… A Museum for the education and enjoyment of the public forever …
— Will and Codicil of Isabella Stewart Gardner, probated July 23, 1924
This statement of purpose quotes directly from the Will and Codicil of Isabella Stewart Gardner, probated on July 23, 1924 in the Probate Court of Suffolk County. Through this document, Isabella declared her intent for the institution she had built and filled with masterpieces spanning the globe and the centuries. She considered the collecting of objects and the establishment of the Museum to be an act of civic leadership, improving the lives of Boston’s residents through access to beauty and the inspiration of direct encounters with art. She also had very particular views on the aesthetic experience, installing her galleries in a way that promotes intimacy, emotional response, and individual interpretation over didactic approaches governed by medium, geography, or period style.
It is the privilege and responsibility of every Gardner Museum director to interpret Isabella’s legacy for a new era and new generations of Bostonians, to ensure its relevance and sustainability in a changing society. This can be uniquely challenging in a museum that cannot collect and cannot rearrange the works of art within its historic galleries. So when I came to the Gardner, I asked myself, “Who was the public to whom Isabella bequeathed her Museum? Was Boston around 1900 anything like the Boston we know today? What civic issues did Isabella care about and how might that inform the Museum’s future?”

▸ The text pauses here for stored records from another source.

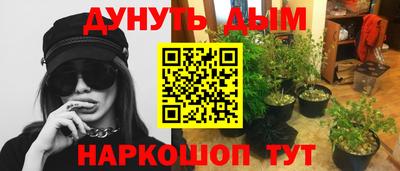 PSILOCYBIN Гагарин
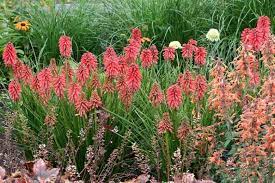 Heirloom Non-GMO Red Kniphofia Flower Seeds for Planting – Striking Torch-Lily Blooming Seeds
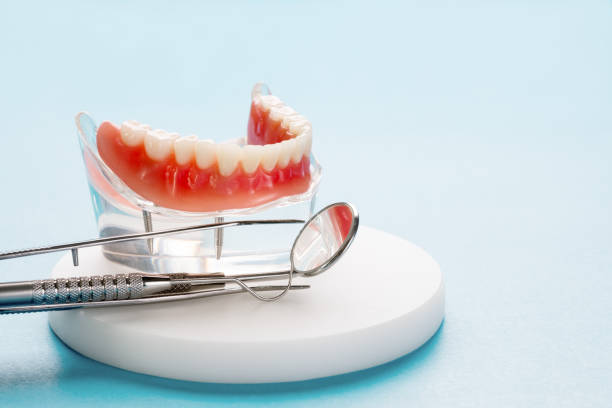Best Traditional Braces  in Palm Bay, FL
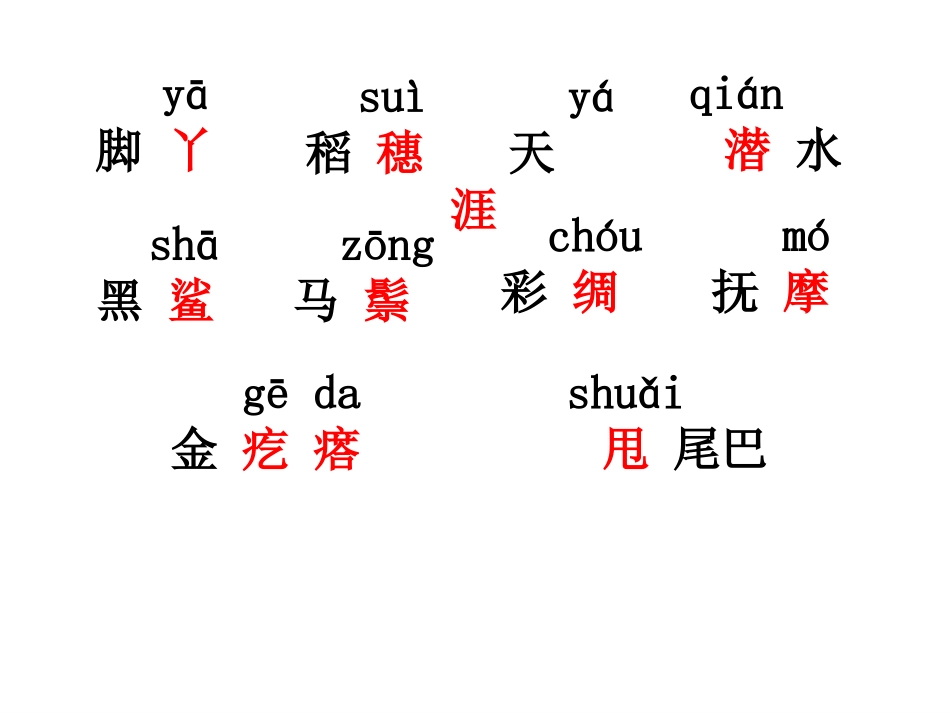 《看浪花》课件_第3页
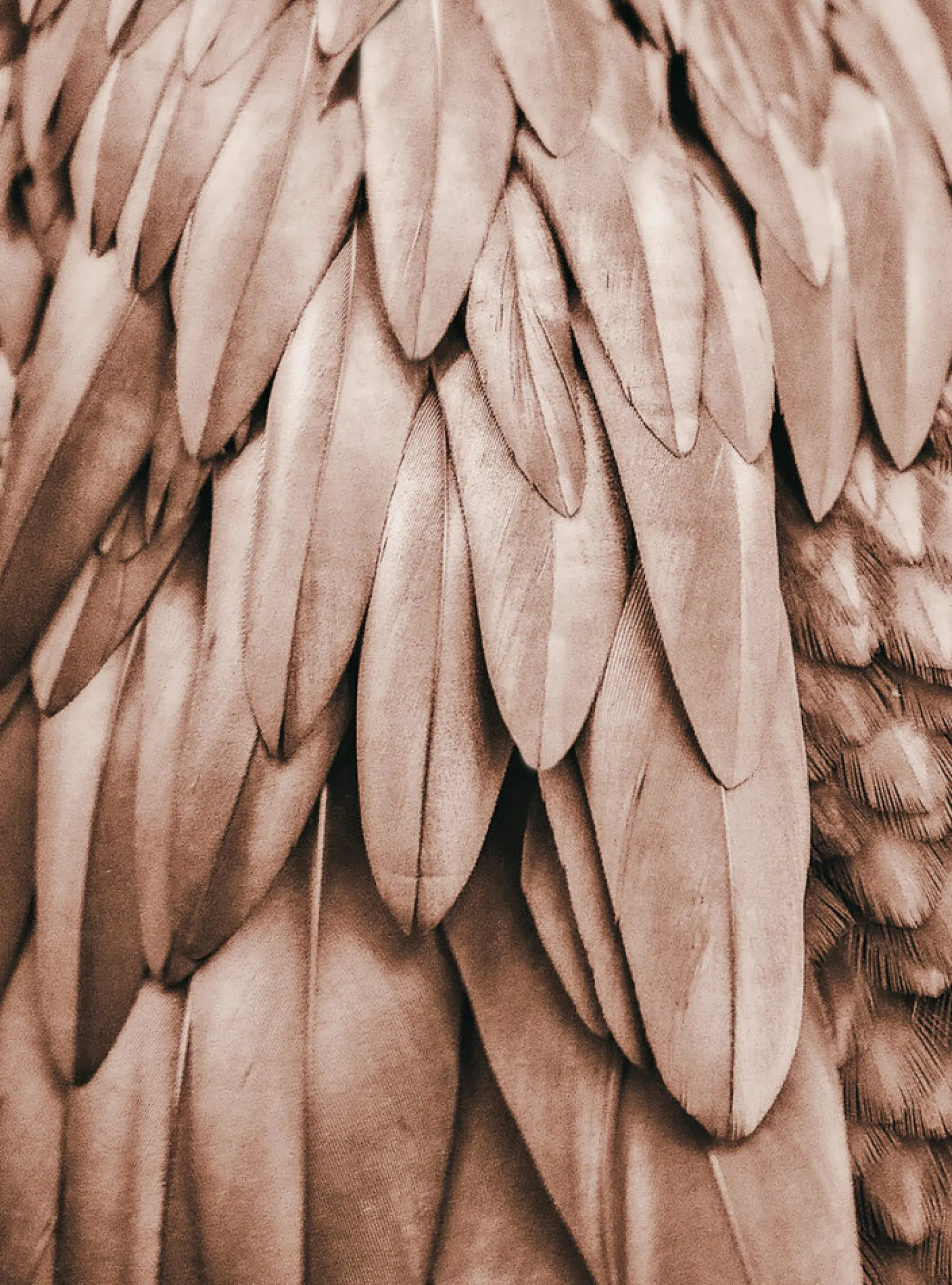 Fototapete Vlies Federn Natur braun beige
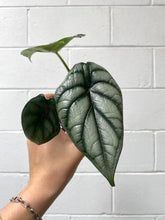 Load image into Gallery viewer, Alocasia 'silver Dragon'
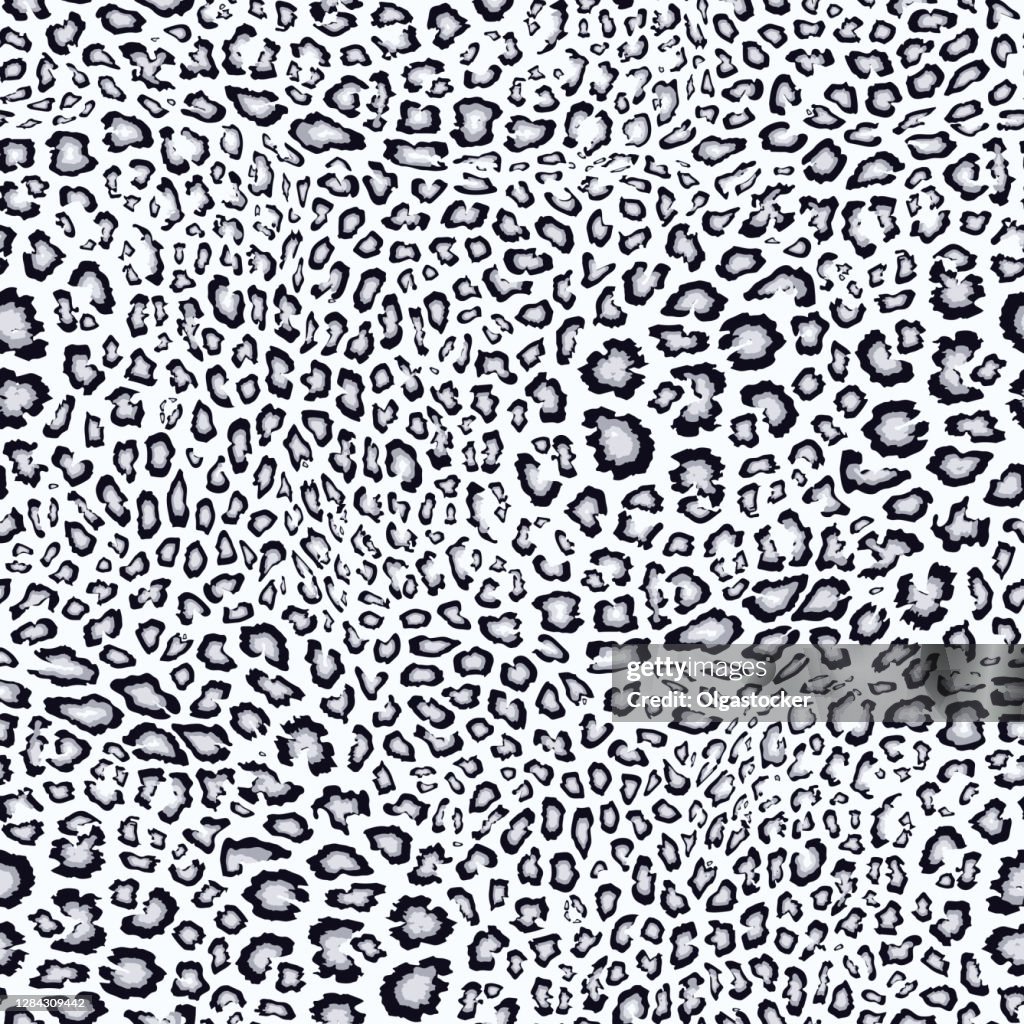 Snow Leopard Pattern Vector Seamless Texture Animal Skin Print Jaguar ...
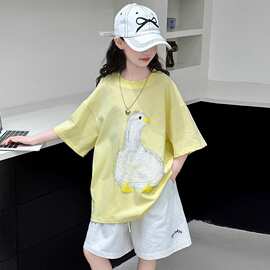 女童夏装T恤套装2025新款洋气女大童夏款短袖t恤儿童夏季休闲短裤
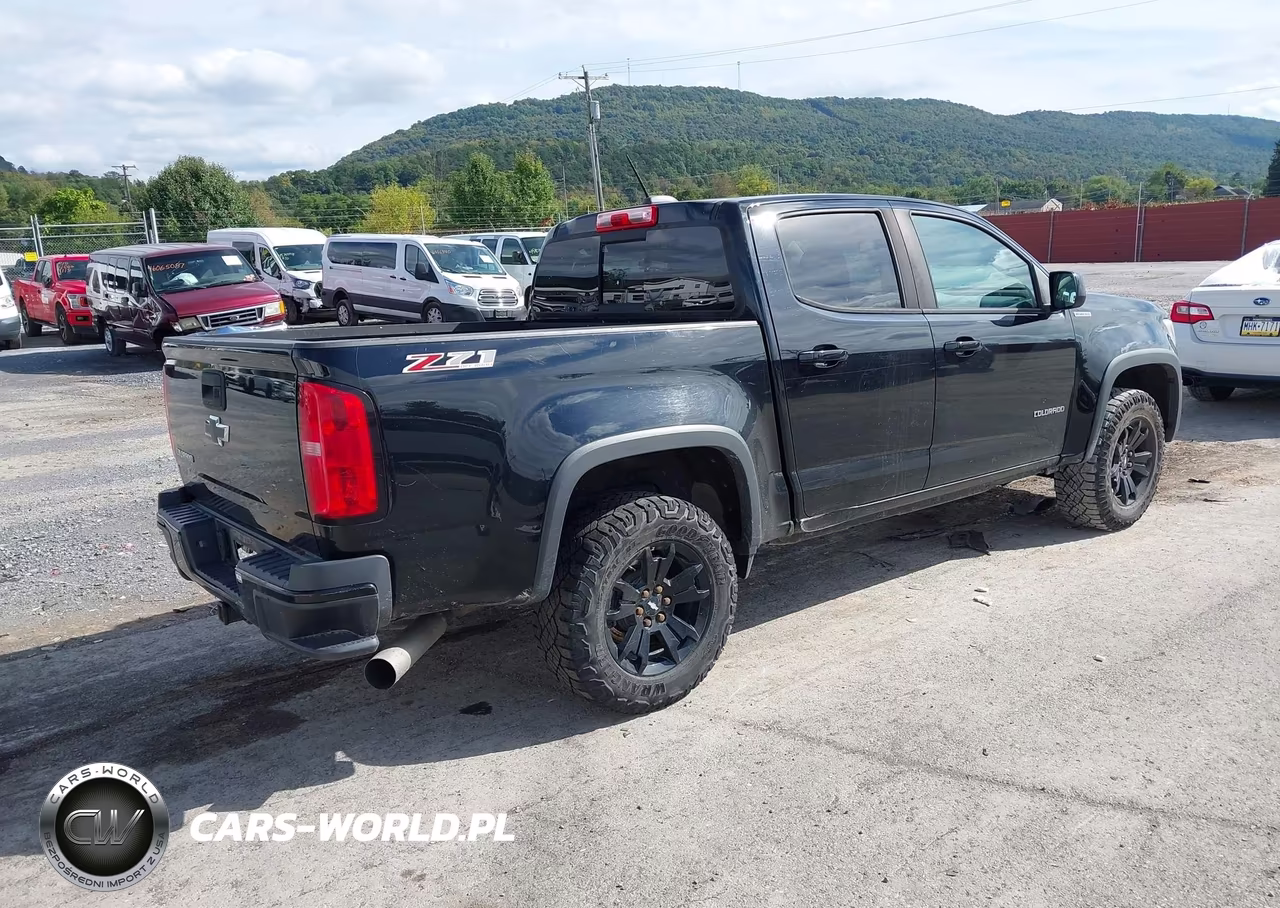 2017 Chevrolet Colorado Z71 VIN:1GCPTDE17H1229859 - 4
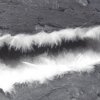 Untitled (concrete & feathers)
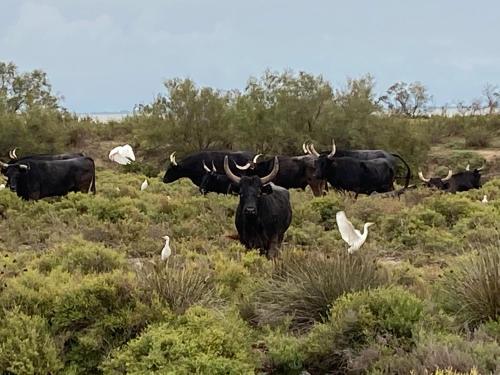 a herd of cattle standing in a field with birds at Le Mas de Cocagne in Saintes-Maries-de-la-Mer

Upon my appointment in 2016, as I met people throughout the city and began to know the Gardner’s staff, I queried them on their perceptions of the Museum’s founder. I often heard the terms “bold,” “creative,” and “scandalous.” I observed that people credited Isabella with a passion for collecting, astute aesthetic judgment, adventurous patronage of artists, unconventional behavior, and indifference to the opinions of others—if not actual cultivation of a negative public image. While other scholars have explored eccentricity as a strategy adopted by upper-class women like Isabella to gain autonomy and agency within the strictures of gendered power structures, this analysis was seldom applied to Isabella in the public imagination. The public instead would sometimes see the creation of her Museum as an egocentric undertaking rather than an act of civic good. Rather than focus on the serious purpose of Isabella’s will, they privileged the somewhat frothy spirit of the phrase “C’est mon Plaisir”—translated to “It’s my pleasure”—that appears below the corporate seal and crest on the Museum’s façade. And in this view, Isabella herself had little to teach us beyond female independence and a fearless pursuit of one’s creative passions—both noble characteristics, but hardly a blueprint for an institution’s future.
However, when I began investigating the Boston Isabella encountered, I realized how closely it aligned with the city we know today. In 1900, 35% of the population here was foreign born (it was roughly 25% when I came in 2016). Although the primary countries of origin differed from current immigration trends, the challenges faced were similar, including overburdened infrastructure, needs for housing, education, and job training, particularly among women whose economic circumstances required them to work.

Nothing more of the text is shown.